Please copy exactly the line containing "Nhà mặt phố" and every line after it, through the last line of the records below, leaving out all pictures.

※ ※ ※

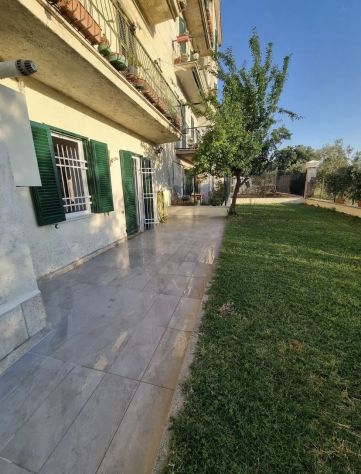 TIVOLI TRILOCALE ARREDATO CON GIARDINO PRIVATO - Foto 2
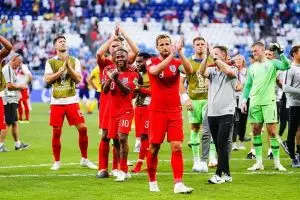 Momen selebrasi 3 legenda sepakbola usai Inggris menang, kocak abis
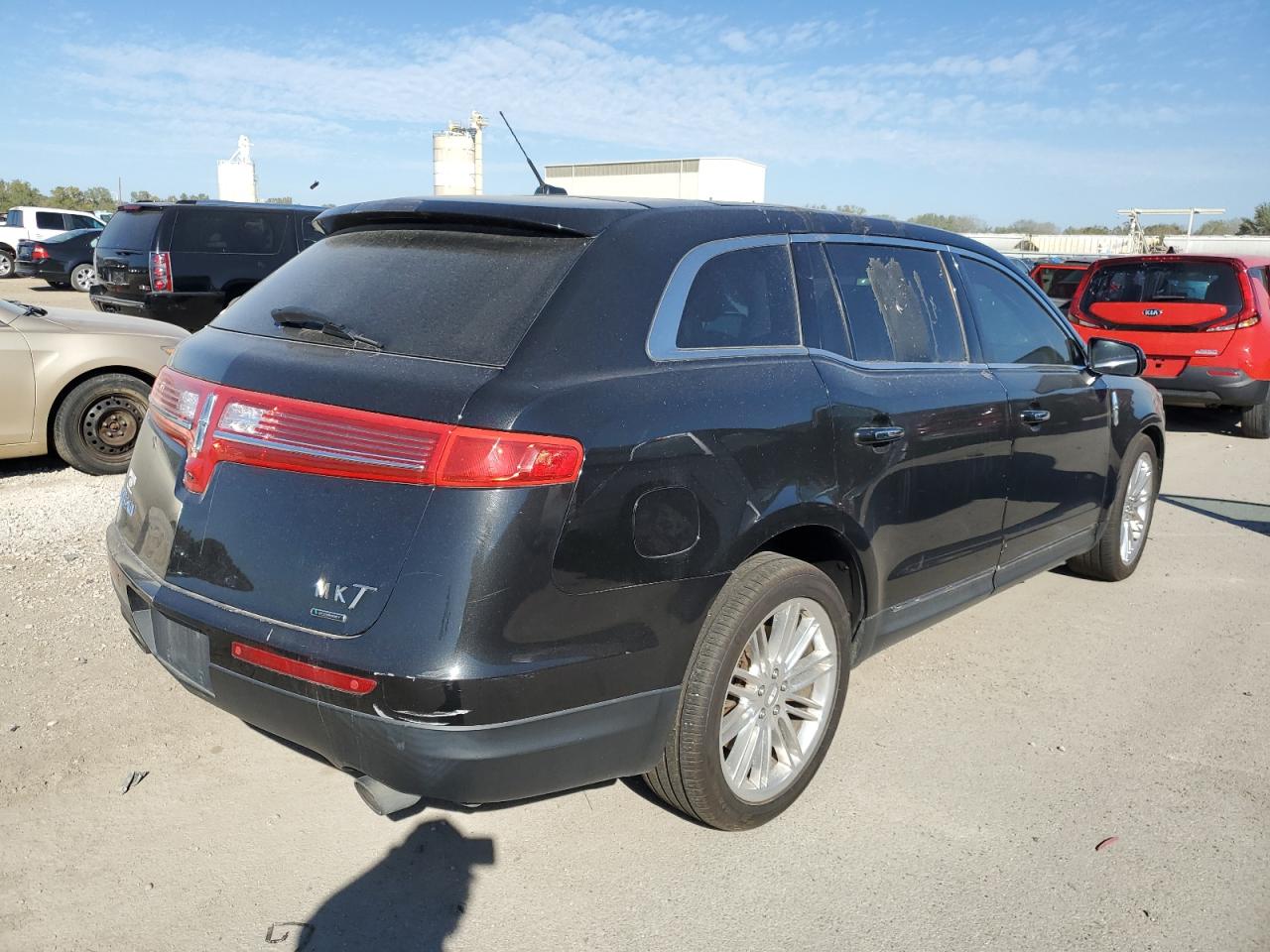 Photo 2 VIN: 2LMHJ5ATXDBL58216 - LINCOLN MKT 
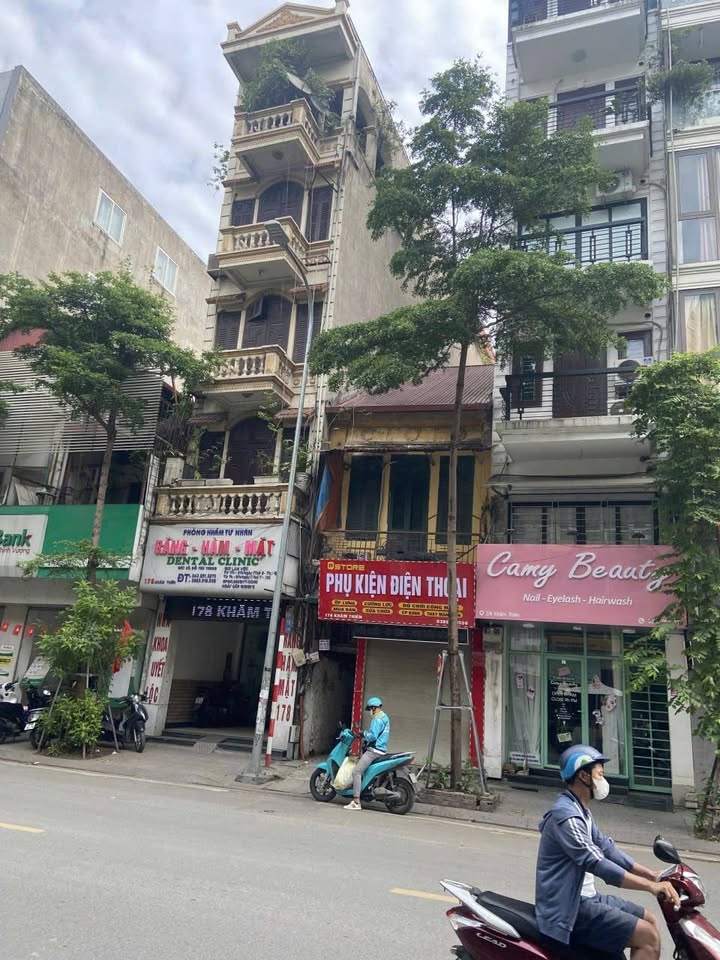 Nhà mặt phố Khâm Thiên, Đống Đa 81m² giá 11 tỷ - Cơ hội đầu tư hấp dẫn!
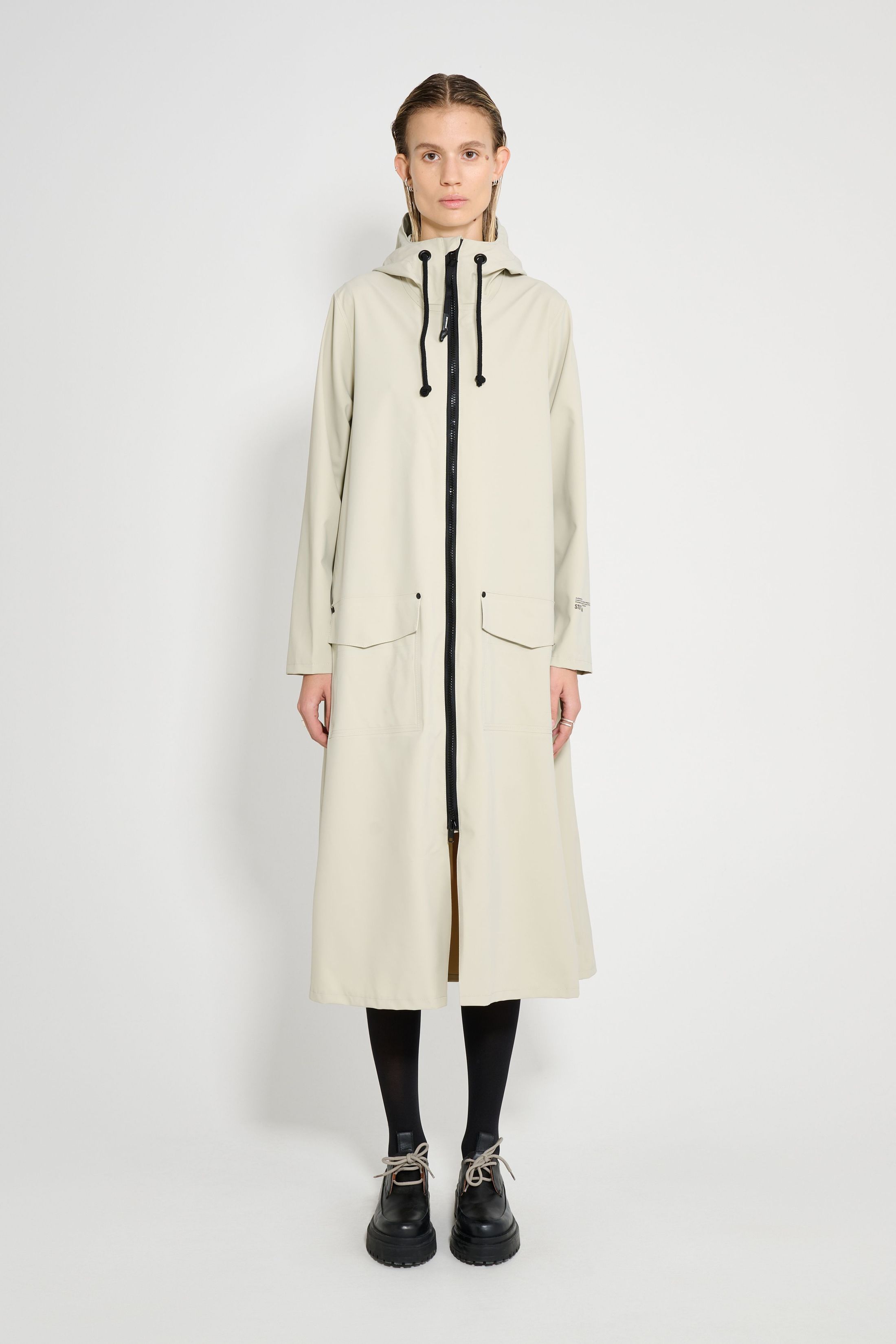 stutterheim mosebacke long patch pelican women jackets long-raincoats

※ ※ ※

→ **Answer for this exercise**
 Nhà mặt phố Khâm Thiên, Đống Đa 81m² giá 11 tỷ - Cơ hội đầu tư hấp dẫn!
 stutterheim mosebacke long patch pelican women jackets long-raincoats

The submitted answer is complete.